Paul Thomas Anderson has been threatening to go rogue for a while now. Punch Drunk Love, billed as a rom-com, intermittently slipped into the kind of dark humour only Todd Solondz dare goes. The Master began to loosen the strands of conventional narrative, but kept bums on seats with its critique of cultish behaviour and Oscar-friendly performances. Inherent Vice goes one step further. Based on a demanding book by Thomas Pynchon – a notoriously difficult writer – Anderson’s adaptation of 70s-era noir stubbornly remains faithful to its source material.
Inherent Vice’s premise is typical crime fiction. Doc Sportello, a bumbling private investigator, played by the irrepressible Joaquim Phoenix, is drawn into a web of deceit and drug smuggling by an ex-girlfriend. What unfolds is an enigmatic, yet languidly paced, crime yarn.
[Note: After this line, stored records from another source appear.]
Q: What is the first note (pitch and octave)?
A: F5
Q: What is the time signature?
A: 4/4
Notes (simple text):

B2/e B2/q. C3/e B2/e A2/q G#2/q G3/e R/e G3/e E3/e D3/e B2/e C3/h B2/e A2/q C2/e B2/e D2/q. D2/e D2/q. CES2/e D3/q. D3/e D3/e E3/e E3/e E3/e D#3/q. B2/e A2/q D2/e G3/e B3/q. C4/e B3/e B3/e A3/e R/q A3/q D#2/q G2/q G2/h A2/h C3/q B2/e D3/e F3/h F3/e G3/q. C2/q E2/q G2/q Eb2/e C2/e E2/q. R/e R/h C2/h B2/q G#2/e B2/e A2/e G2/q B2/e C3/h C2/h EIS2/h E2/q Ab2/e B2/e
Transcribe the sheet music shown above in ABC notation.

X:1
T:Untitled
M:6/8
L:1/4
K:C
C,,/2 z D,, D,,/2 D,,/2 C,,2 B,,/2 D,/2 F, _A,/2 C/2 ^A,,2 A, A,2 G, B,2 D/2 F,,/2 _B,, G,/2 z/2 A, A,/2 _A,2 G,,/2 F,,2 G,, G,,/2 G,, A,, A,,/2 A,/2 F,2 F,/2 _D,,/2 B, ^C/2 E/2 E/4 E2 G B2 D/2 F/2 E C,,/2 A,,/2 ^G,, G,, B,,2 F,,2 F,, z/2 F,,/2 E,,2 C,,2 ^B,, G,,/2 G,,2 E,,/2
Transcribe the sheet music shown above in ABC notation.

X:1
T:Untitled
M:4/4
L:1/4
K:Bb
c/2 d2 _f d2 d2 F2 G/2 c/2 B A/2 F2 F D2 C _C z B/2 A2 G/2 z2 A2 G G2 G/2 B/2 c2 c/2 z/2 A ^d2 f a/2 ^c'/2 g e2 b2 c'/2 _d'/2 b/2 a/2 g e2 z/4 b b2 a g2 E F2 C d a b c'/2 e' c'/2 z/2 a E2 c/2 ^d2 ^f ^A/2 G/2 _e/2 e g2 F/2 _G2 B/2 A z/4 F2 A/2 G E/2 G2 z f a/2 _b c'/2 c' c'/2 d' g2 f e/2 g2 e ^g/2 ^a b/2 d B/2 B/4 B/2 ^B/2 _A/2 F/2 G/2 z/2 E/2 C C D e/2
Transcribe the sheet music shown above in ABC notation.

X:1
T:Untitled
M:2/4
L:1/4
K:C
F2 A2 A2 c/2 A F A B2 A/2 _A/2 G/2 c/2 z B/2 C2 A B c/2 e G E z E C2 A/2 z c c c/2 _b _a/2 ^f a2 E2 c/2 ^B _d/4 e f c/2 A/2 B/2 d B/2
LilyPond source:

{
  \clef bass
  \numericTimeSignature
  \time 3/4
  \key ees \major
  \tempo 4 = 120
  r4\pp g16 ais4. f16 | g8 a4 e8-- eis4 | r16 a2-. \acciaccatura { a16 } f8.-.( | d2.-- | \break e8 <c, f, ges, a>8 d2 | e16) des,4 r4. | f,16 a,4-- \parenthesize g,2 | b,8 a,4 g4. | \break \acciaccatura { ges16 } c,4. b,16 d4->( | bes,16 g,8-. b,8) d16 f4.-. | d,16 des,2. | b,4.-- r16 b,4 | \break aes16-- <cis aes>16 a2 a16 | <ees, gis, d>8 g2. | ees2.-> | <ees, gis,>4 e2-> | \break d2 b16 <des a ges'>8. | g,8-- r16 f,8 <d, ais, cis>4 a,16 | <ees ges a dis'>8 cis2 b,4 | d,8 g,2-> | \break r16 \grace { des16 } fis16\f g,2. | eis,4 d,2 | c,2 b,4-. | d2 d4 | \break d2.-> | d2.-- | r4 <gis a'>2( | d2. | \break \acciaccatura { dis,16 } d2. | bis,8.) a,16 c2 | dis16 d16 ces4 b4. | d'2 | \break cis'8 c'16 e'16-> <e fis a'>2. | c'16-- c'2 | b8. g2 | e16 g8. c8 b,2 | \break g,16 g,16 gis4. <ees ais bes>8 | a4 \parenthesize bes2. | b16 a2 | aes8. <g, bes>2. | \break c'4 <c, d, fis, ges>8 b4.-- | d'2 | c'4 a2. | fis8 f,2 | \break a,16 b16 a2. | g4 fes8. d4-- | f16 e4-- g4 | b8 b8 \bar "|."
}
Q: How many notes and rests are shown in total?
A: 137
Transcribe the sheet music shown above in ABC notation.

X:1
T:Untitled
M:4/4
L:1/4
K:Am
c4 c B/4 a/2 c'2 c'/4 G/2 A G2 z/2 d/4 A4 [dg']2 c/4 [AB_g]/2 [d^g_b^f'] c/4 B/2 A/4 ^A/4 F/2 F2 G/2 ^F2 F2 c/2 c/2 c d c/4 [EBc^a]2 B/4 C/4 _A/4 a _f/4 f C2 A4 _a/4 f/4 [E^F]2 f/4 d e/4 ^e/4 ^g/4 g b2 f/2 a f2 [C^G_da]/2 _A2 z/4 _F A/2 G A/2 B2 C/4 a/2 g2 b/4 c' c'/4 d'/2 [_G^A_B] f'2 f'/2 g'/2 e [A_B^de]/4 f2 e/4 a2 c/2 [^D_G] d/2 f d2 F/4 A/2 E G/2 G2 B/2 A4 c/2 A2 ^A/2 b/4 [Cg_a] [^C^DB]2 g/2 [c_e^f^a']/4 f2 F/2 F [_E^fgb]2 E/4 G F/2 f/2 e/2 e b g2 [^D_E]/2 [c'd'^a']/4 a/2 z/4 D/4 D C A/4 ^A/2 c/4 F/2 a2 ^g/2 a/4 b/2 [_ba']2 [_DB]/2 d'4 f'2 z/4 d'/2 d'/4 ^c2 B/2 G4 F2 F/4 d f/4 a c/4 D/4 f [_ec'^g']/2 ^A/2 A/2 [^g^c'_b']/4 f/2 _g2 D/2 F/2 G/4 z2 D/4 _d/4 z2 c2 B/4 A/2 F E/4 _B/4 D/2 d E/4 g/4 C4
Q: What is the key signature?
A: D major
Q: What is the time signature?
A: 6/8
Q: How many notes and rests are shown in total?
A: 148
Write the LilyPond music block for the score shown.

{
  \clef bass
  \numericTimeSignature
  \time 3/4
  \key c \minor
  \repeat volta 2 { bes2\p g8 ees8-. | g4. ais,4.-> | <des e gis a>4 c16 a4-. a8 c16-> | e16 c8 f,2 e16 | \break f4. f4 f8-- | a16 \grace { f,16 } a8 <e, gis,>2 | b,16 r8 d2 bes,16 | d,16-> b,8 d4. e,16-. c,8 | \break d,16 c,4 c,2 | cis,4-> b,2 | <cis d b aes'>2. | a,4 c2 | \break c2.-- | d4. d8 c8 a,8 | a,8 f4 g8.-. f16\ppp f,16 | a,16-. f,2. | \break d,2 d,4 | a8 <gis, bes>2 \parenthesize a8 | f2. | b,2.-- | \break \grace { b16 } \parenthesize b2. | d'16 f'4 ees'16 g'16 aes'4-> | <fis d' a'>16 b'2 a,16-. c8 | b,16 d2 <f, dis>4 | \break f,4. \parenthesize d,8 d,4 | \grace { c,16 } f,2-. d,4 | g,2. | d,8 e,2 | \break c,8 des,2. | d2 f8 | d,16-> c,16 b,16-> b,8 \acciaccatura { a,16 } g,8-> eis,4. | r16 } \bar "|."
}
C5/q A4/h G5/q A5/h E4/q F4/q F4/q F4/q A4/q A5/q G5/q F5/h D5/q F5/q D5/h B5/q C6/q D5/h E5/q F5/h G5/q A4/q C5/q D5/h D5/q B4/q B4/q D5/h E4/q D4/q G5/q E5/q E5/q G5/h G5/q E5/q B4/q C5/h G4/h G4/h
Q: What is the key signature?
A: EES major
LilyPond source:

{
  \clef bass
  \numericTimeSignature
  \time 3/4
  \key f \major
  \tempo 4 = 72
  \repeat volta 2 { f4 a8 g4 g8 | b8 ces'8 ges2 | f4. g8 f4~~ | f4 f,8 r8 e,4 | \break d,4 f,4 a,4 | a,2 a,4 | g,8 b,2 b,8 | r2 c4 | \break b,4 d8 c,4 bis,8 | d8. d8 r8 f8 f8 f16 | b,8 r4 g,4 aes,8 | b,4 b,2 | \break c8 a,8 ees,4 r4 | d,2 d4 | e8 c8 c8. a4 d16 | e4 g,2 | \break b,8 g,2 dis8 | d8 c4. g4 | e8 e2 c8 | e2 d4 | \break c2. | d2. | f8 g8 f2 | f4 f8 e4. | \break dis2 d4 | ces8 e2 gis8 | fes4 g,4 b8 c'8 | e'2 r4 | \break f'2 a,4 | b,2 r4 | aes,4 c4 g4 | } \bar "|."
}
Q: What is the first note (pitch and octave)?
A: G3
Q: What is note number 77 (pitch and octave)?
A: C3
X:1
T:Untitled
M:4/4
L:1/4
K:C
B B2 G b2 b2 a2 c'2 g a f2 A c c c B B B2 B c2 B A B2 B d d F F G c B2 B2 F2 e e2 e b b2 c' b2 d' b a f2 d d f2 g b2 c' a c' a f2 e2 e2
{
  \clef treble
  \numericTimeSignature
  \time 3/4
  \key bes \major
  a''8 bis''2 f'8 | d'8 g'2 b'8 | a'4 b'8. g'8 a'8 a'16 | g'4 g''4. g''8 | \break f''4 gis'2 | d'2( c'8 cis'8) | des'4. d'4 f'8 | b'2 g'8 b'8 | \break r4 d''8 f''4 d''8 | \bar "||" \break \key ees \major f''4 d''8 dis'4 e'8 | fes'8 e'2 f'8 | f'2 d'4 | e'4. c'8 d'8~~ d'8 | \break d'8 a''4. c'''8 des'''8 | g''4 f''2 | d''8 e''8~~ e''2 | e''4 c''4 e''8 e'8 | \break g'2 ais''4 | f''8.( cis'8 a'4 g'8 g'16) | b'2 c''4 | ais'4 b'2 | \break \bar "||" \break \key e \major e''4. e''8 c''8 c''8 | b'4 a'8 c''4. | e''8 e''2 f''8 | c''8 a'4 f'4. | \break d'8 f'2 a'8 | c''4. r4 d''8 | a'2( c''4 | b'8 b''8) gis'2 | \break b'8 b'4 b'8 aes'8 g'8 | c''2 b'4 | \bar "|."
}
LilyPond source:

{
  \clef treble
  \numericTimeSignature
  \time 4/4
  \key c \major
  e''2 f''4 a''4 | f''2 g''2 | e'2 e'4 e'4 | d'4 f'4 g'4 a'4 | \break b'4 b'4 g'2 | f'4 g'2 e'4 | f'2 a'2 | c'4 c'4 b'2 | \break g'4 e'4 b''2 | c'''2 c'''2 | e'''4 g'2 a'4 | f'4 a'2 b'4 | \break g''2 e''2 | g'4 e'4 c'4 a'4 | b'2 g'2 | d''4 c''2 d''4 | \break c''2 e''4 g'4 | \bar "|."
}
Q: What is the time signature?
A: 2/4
It’s as if Doc’s incessant drug haze saturates the plot, leaving it devoid of focused storytelling. Anderson’s consciously elusive style will alienate audiences. Emotional investment has no place in this lurid, obscure tale.
As sheer entertainment, Inherent Vice falls short. The film’s trailer promised a comic romp similar to The Big Lebowski, but for its considerable run time, the humour is sparse. Anderson, meticulous as ever, clearly relishes the challenge of Pynchon’s book, and the film is evidently a genuine labour of love. Unfortunately, genius and solipsism make common bed fellows: there is a lack of spirit and vigour here, leaving the viewer with the cinematic equivalent of indigestion.
While the film is disappointingly detached, 70s America is expertly realised and the film is a technical success. The subtlety of the narration, music, and the soft focus, slightly off-centre camera work all perfectly capture a time and place. Anderson has created a hermetically sealed world, without resorting to glaring cultural iconography or a predictably congested soundtrack. The cast deliver strong performances, especially Phoenix and Josh Brolin – and the innately funny Martin Short hogs his scenes, bringing some short-lived levity to proceedings.
The writing itself is on point, with the dialogue feeling organic, Coen-esque at times. However, character motivation and the film’s timeline are slaves to misfiring memory and distorted perceptions, making for puzzling and at times opaque interactions between characters. Because the film avoids full climax and resolution, one is left frustrated knowing Anderson’s priority here is exercising his skill as a fine-combed, fastidious director. Expect a detailed but largely unrewarding experience.
Inherent Vice is released nationwide on 30th January 2015.